Une posture pour le moins baroque, alors qu'une enquête de l’Ipsos montre que 65% des Français jugent que «la plupart des hommes et des femmes politiques sont corrompus» et qu’ils sont 84% à penser qu’ils «agissent principalement pour leurs intérêts personnels».
«Cela donnerait une image déplorable… et c’est d’ailleurs pour ça que cela n’arrivera pas!», se rassure le député UMP des Hauts-de-Seine Thierry Solère, un des cinq membres de son groupe à avoir voté pour le non-cumul à l’Assemblée. «Au fond, tout le monde a bien compris que l’on ne pouvait pas continuer à cumuler des fonctions de parlementaire et de chef d’un exécutif local. Je n’ai aucun doute sur le fait que la droite ne reviendra pas sur ce sujet.»

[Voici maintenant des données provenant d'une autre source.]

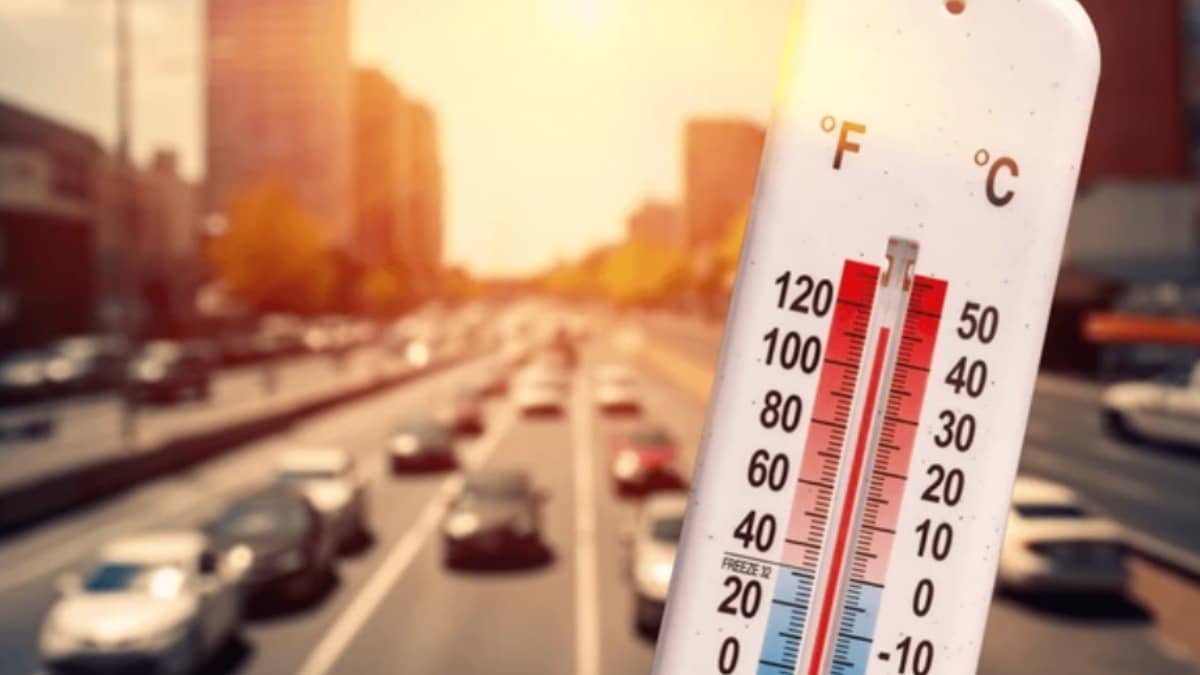 ‘Fire Raining From Sky’: Jaisalmer Simmers At 46°C, Camels Seek Refuge As Traffic Vanishes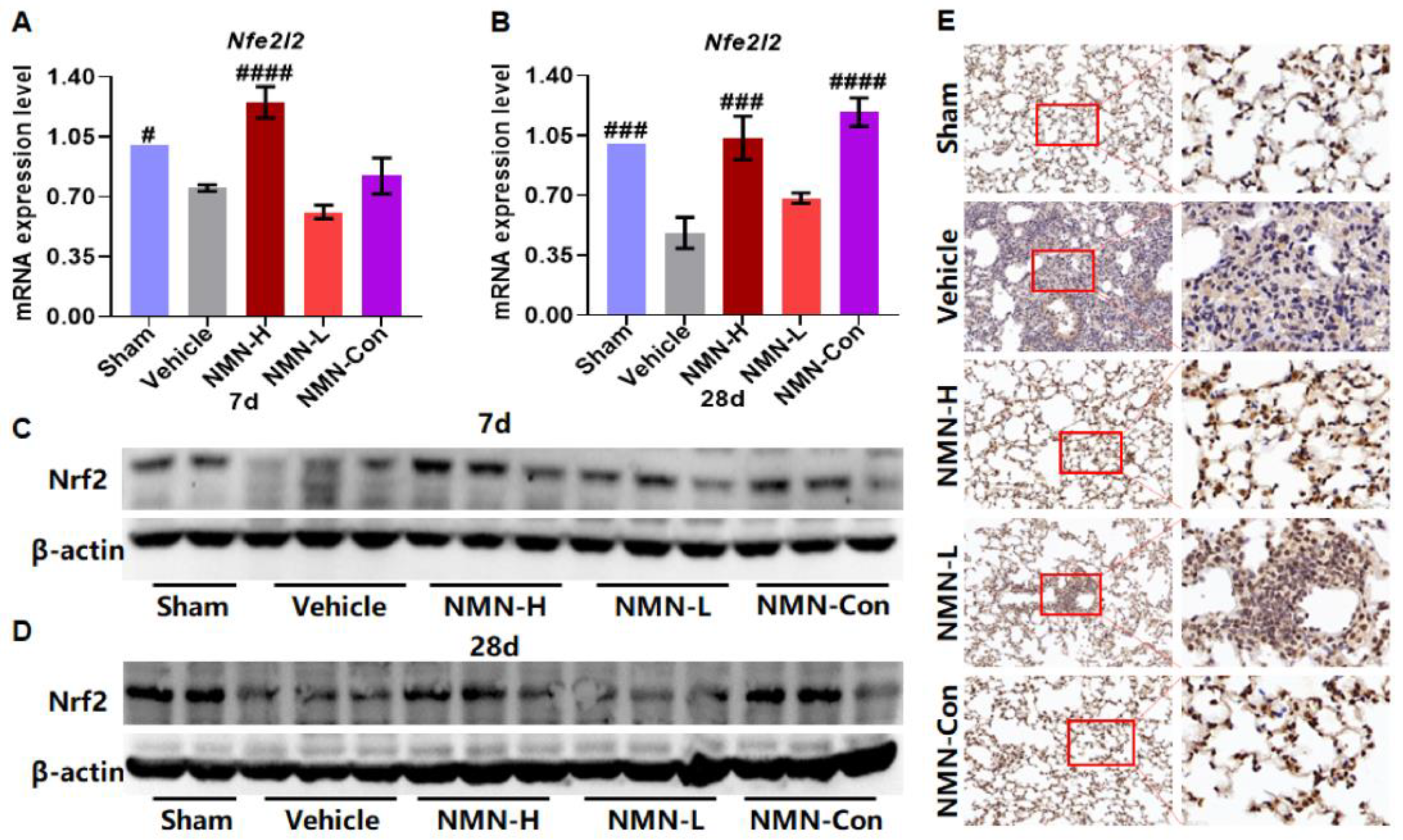 Nutrients 15 00143 g007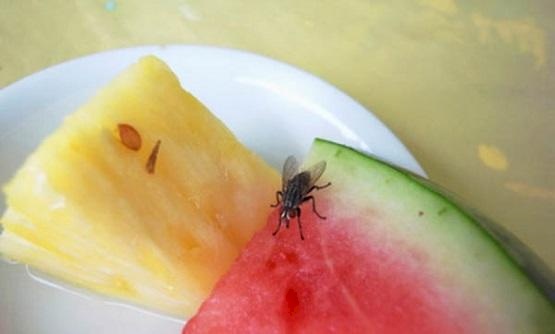 Voici la méthode la plus simple pour chasser les mouches de la cuisine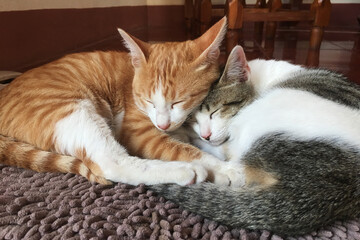 Lovely cat lays blissfully under sun. Cute cat with sleepy eyes.  Cute pet. a domestic feline basking in natural light.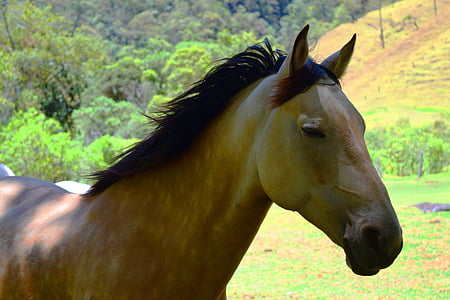 paard, Salento, Cocora, platteland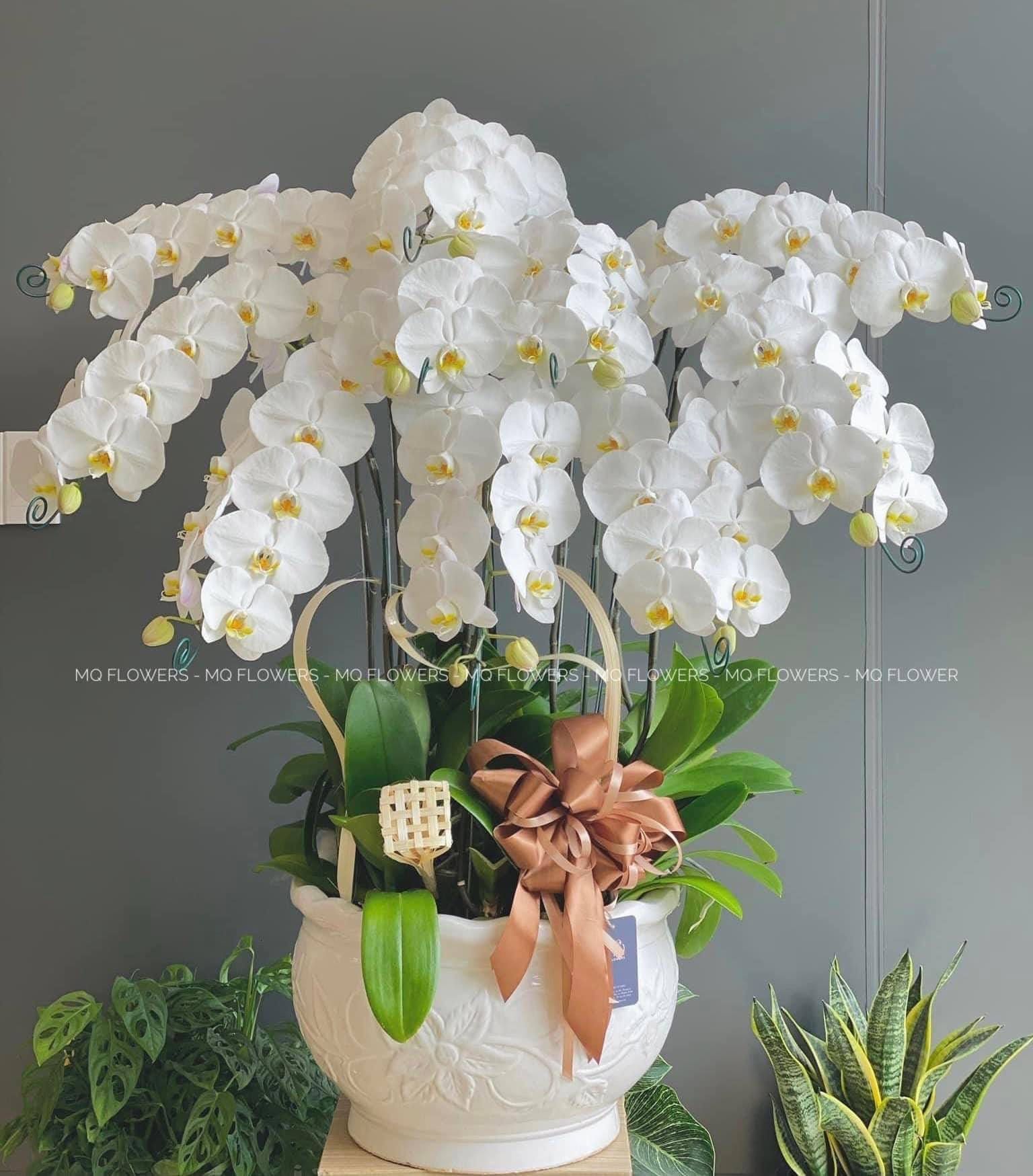 L0045 - LAN HỒ ĐIỆP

Des ténors de droite réticents au cumul
Sans oublier que de nombreux élus de droite ne sont pas aussi attachés au cumul que Christian Jacob, Daniel Fasquelle ou Hervé Mariton. Mercredi, les ténors de l’UDI Jean-Louis Borloo et Hervé Morin se sont abstenus.
Sans oublier le coup d’éclat de l’UMP Bruno Le Maire, qui a publié une tribune en juin 2013 pour réclamer la «disparition» des cumulards dès 2014, avec le soutien de seize parlementaires de son parti. Officiellement, l’ancien ministre de l’Agriculture n’a voté contre la réforme de Manuel Valls que parce qu’il trouve qu'elle ne va pas assez loin. Difficile, dans ces conditions, d’imaginer que Bruno Le Maire et ses amis acceptent en juin 2017 de manger leur chapeau et de voter en urgence l’abrogation du non-cumul.
Les spéculations autour de la fin du cumul des mandats demeureront donc jusqu’en 2017, pour le plus grand bonheur de la poignée d’élus socialistes qui n’ont soutenu la réforme que contraints et forcés. Le député radical de gauche Alain Tourret, un des dix-huit élus de la majorité gouvernementale qui a refusé d'apporter sa voix au texte, n’a d’ailleurs pas manqué de railler la duplicité de ses camarades du groupe PS en séance publique:
«Vous êtes si peu sûrs de la force de vos arguments que vous repoussez à 2017 la date d’application de la loi pour laisser éventuellement à la nouvelle majorité qui, par malheur, pourrait nous succéder, le soin d’abroger cette loi qui n’aura pas trouvé d’application.»
Dans le doute, la grande majorité des cumulards socialistes ont pris soin de solliciter un nouveau mandat aux élections municipales de mars: Gérard Collomb à Lyon, Philippe Duron à Caen, Jean Germain à Tours... Plus surprenant, de jeunes socialistes qui ont conquis leur premier mandat de député en 2012 ont voté le non-cumul, mais envisagent déjà, dans l'attente, de cumuler avec un mandat de maire, comme Mathieu Hanotin à Saint-Denis ou Razzye Hammadi à Montreuil. On n’est jamais trop prudent.